Federal Reserve data suggests that global cocoa prices rose 144 percent in December, more than doubling from the year before, said Alla Semenova, an economist at St. Mary’s College of Maryland. This is known as the producer price, or what global chocolate manufacturers pay those who process the raw beans. Still, that cost is often absorbed by confectionary customers. “When producer prices rise, when the costs of production rise, consumer prices rise,” said Semenova.

Yet even as prices go up, the farmers raising cacao don’t always see any of that profit. Josephine George Francis, who produces the crop alongside coffee on her farm in Liberia, said farmers throughout West Africa actually lose money due to the rising cost of growing crops in a warming world. “We need a different approach that puts sustainability and farmers at its heart,” said George Francis. “We do not benefit from increased prices on world markets.”
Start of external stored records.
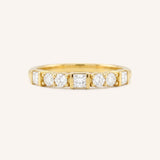 White Columns Round Square Diamond Anniversary Ring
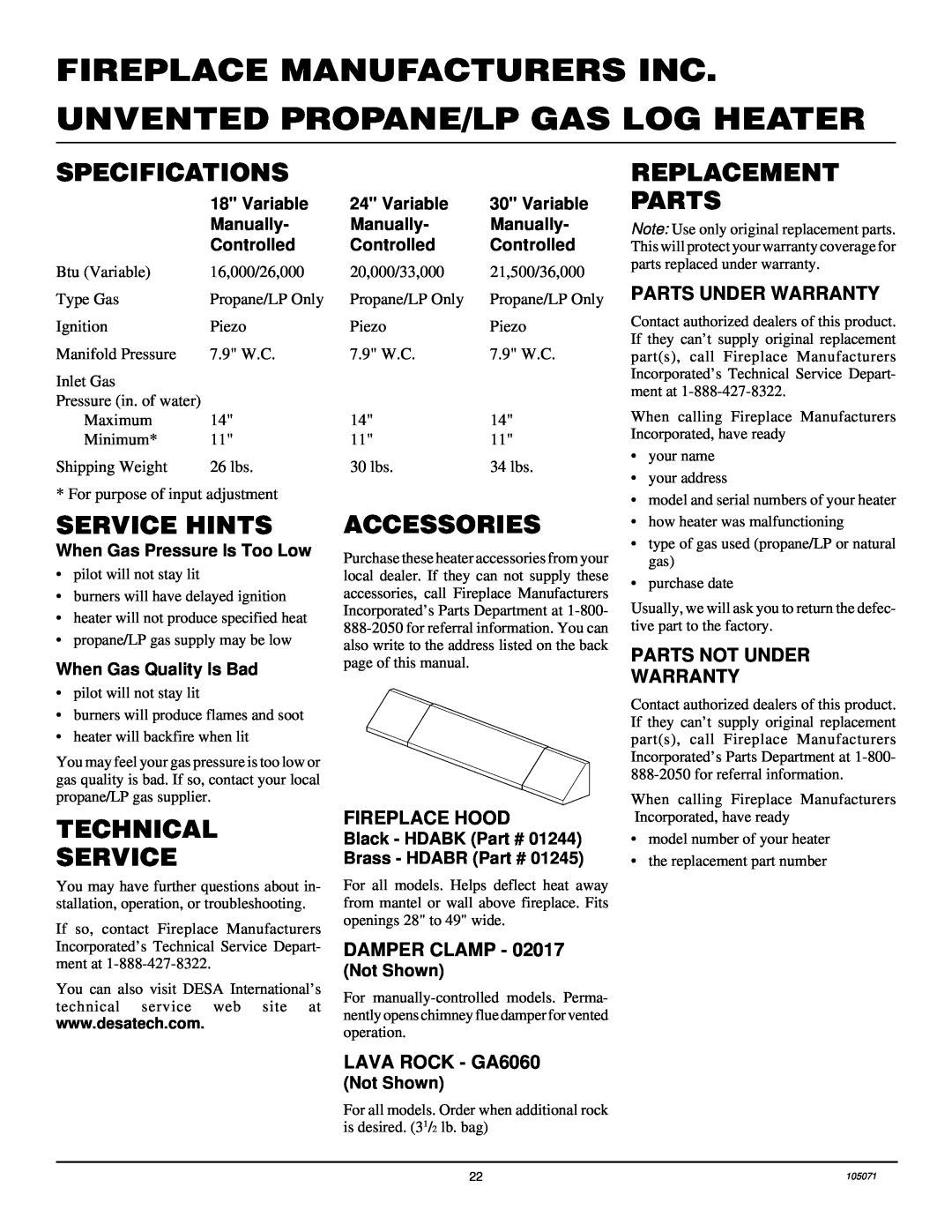 Desa VFP24MV Specifications, Service Hints, Technical Service, Accessories, Replacement Parts, Fireplace Manufacturers Inc 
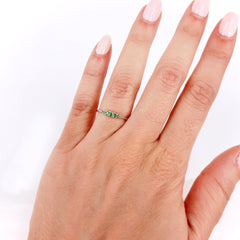 Seven Stones Graduated Tsavorite Ring - 18K White Gold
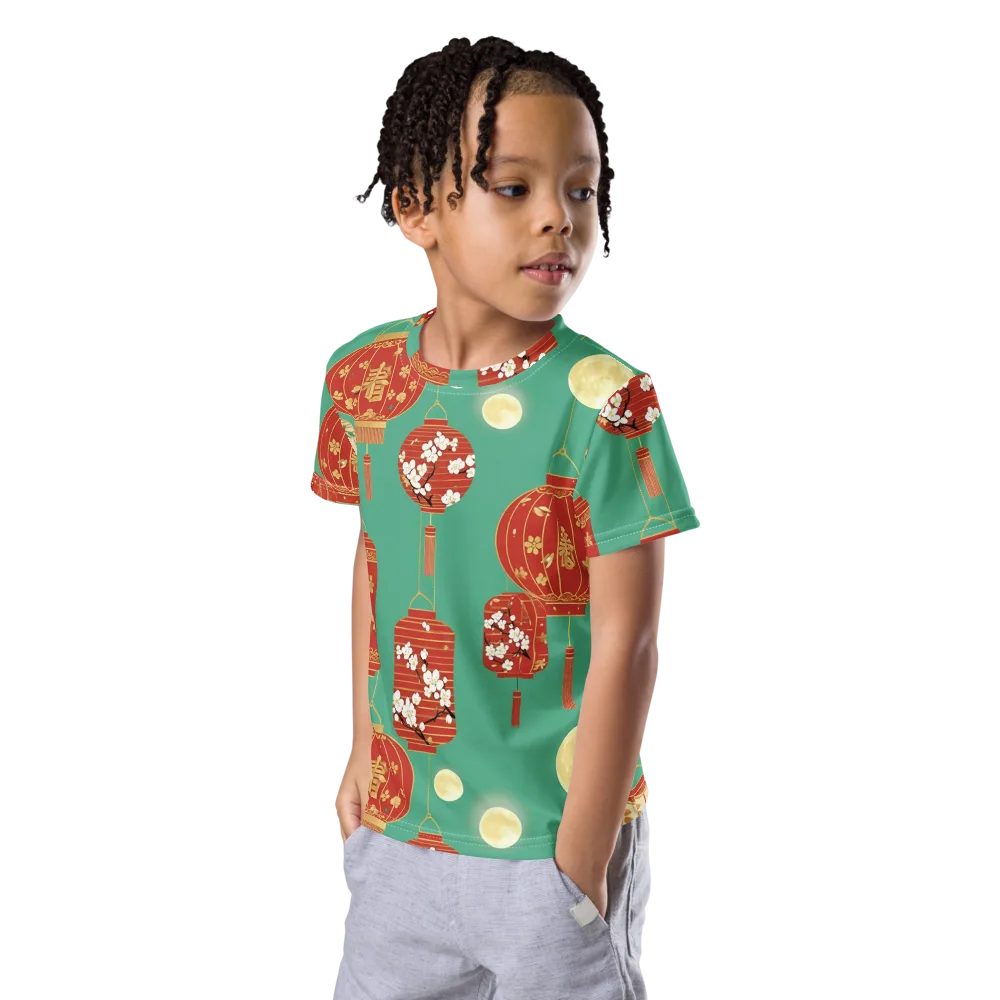 Jade Lantern Night on Kids Crew Neck T-Shirt — Left Front
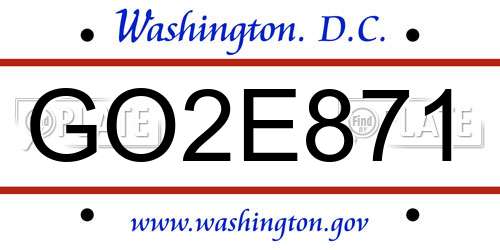 GO2E871 District Of Columbia License Plate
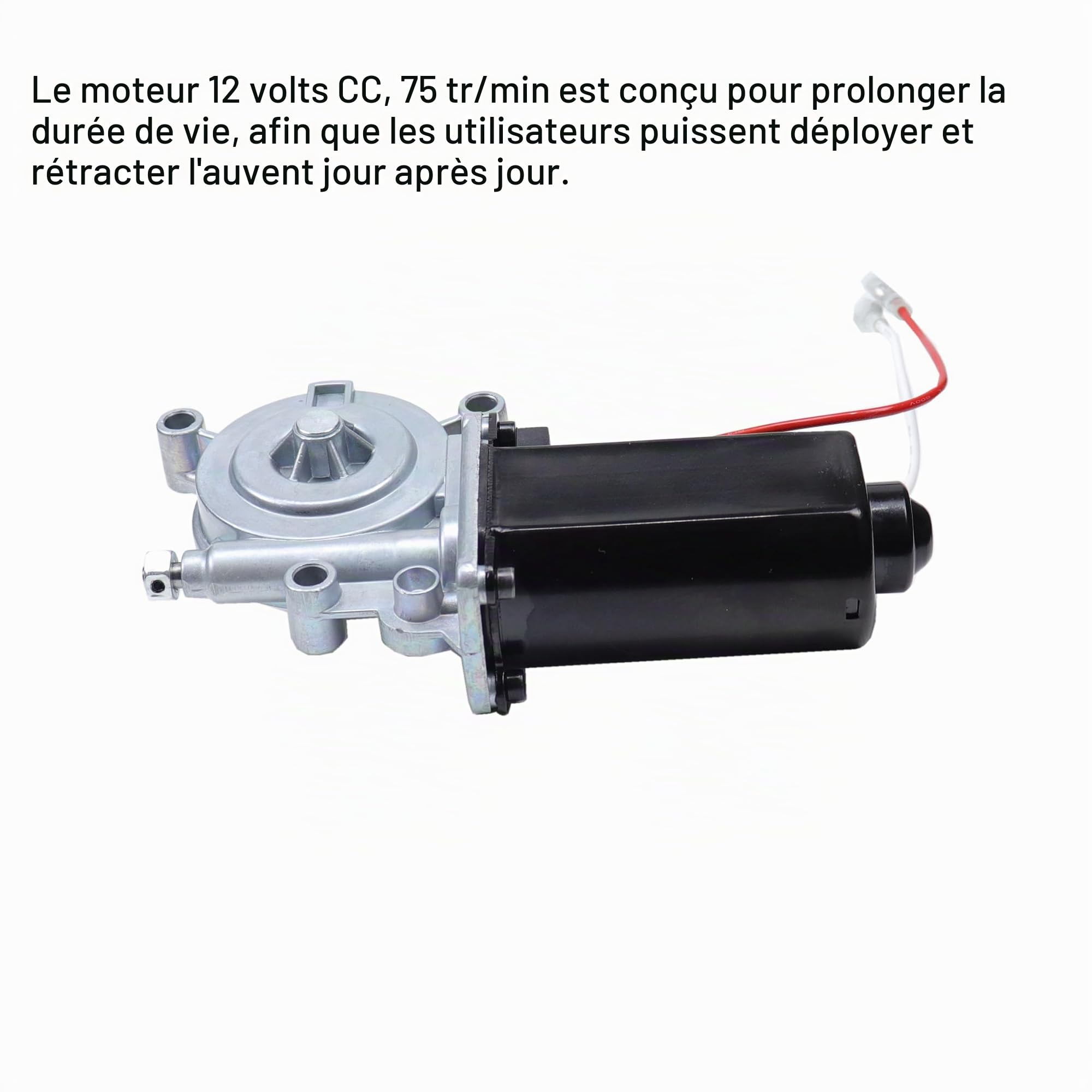 266149 Moteur de rechange universel pour auvent de camping-car 12 V CC 75 tr/min compatible avec les auvents électriques Solera, y compris les assemblages plats, inclinés et courts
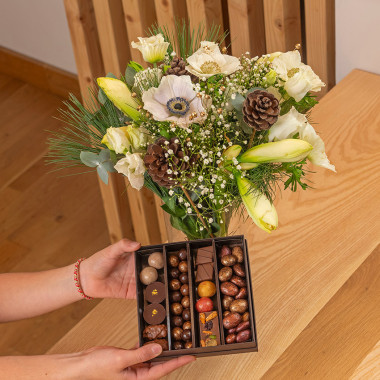 fleurs et chocolat de noel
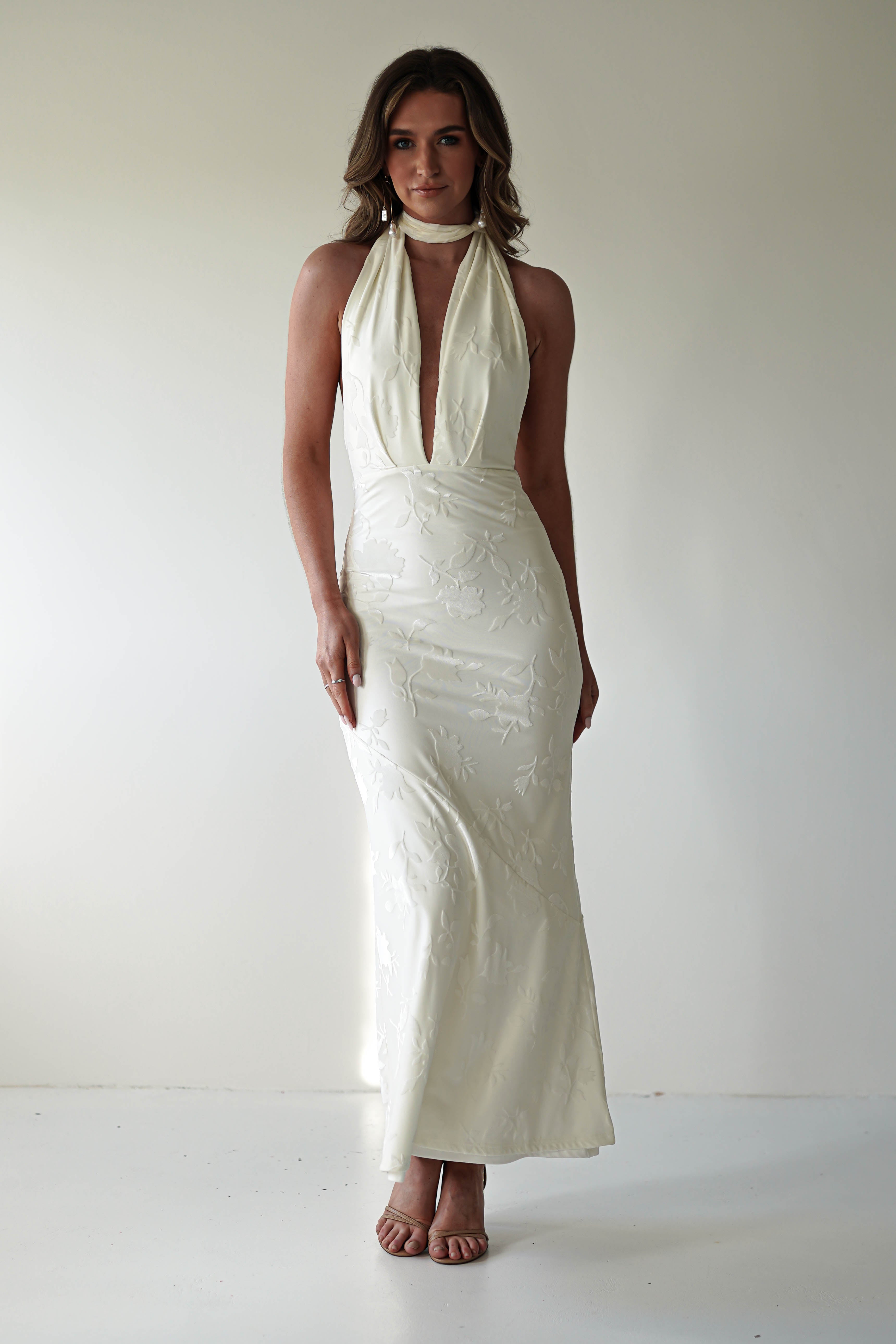 Tara Floral Jacquard Maxi Dress | Ivory/Cream | Oh Hello Clothing | XS (6)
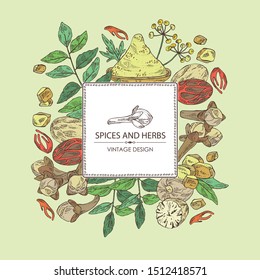 Background with spices and herbs: clove tree, nutmeg, curry tree leaves and asafoetida. Vector hand drawn illustration.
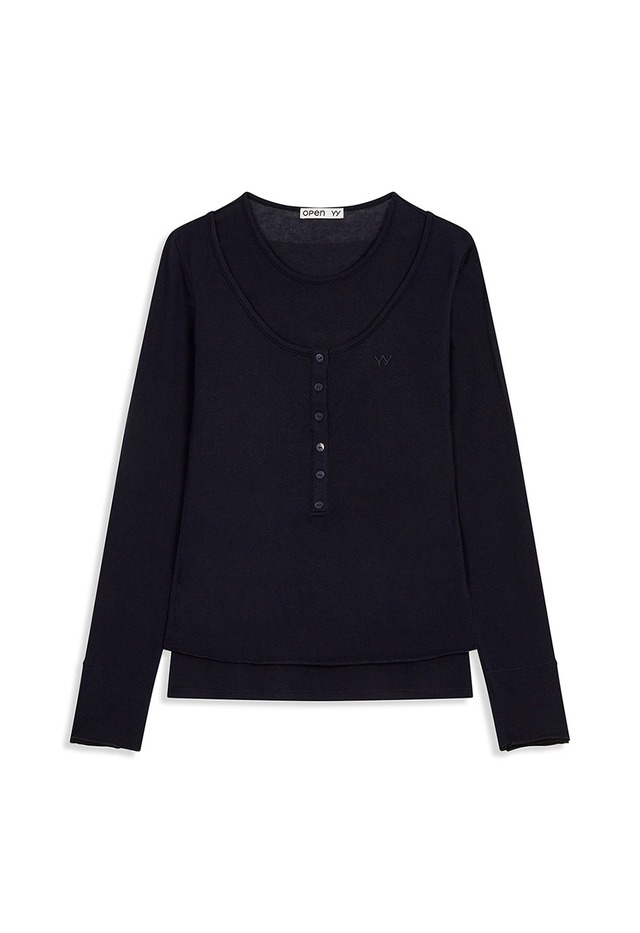 [OPEN YY] LAYERED HENLEY LOUNGE TEE, NAVY 正規品 韓国ブランド 韓国通販 韓国代行 韓国ファッション オープン ワイワイ 日本 店舗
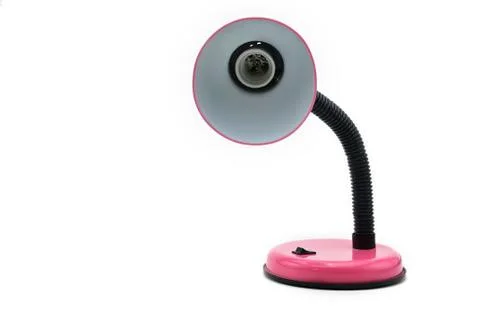 Table lamp in red on an isolated background Stock Photos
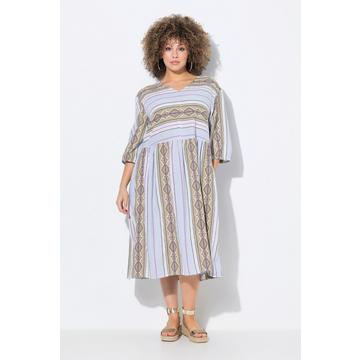 Kaftankleid, Streifen, A-Linie, V-Ausschnitt, 3/4-Arm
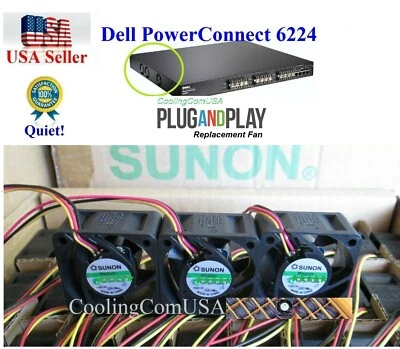 3-Pack Replacement Fans for Dell PowerConnect 6224 Fan Kit, (TK308, RN856) - Image 1 of 4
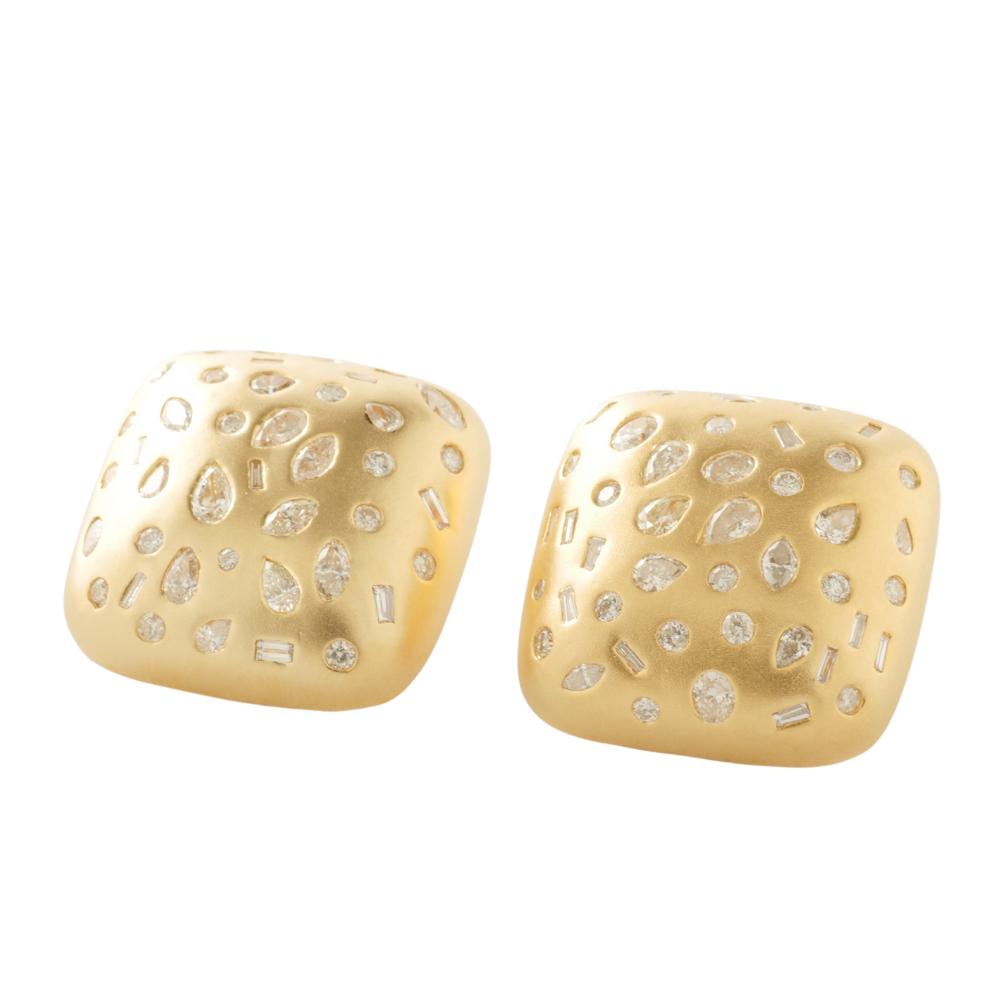 Gold Square Dome Diamond Studs, 14k Solid Gold, Natural Diamonds, Flush Set Matte Statement Cocktail Earrings, Ready To Ship, IGI Certified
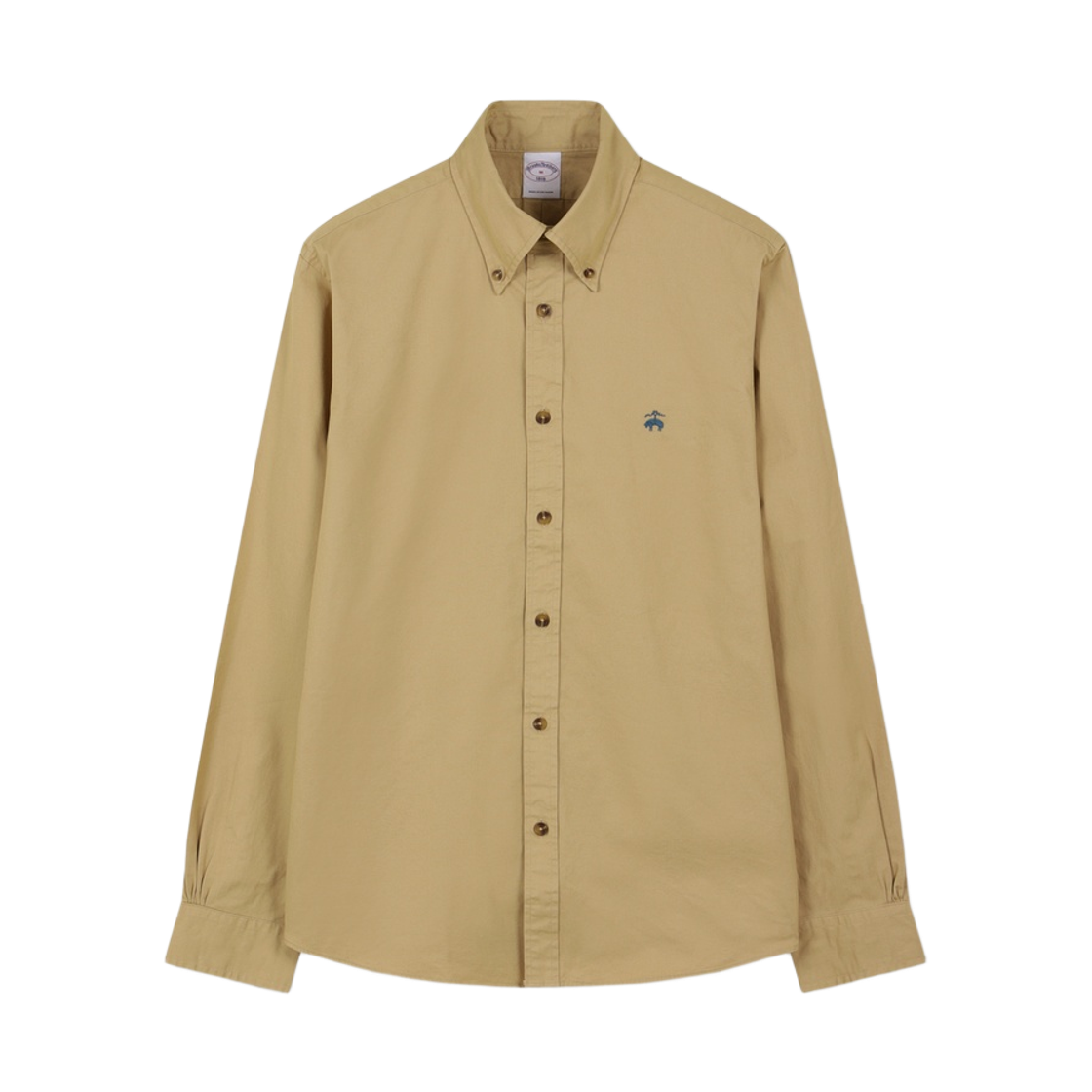 BBTHMMG302-ZBE BrooksBrothers Friday Twill Solid Logo Shirt Beige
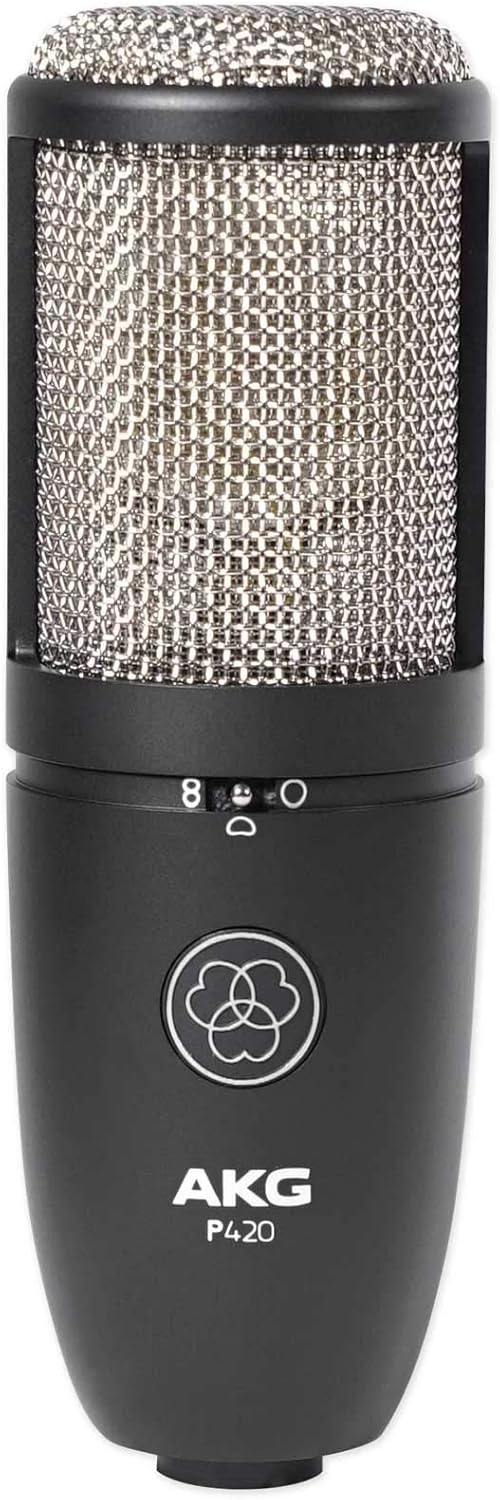 AKG P420 Studio Condenser Recording Microphone Dual Capsule Mic Bundle with Rockville ROCKSHIELD 3 Studio Mic Isolation Shield & Rockville RVES05 Tripod Pole-Mount DJ PA Speaker Stand (3 Items)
Of course, cocoa isn’t the only ingredient in confectioneries threatened by warming. Early last year, sugar, another essential ingredient, sold at some of the highest prices in over a decade after extreme weather constrained global sugarcane production

“It is not just the quantity of cocoa production that is affected by the acceleration of climate change,” said Semenova. “The type and the quality of the ingredients that go into the production of chocolate will change.” 

All of this has led many chocolatiers to adapt. Some, like Mars and Hershey, have been quietly reducing the amount of cocoa or even introducing new treats that eliminate it entirely. As prices continue to rise, analysts expect to see demand wane, a trend even Valentine’s Day can’t stop.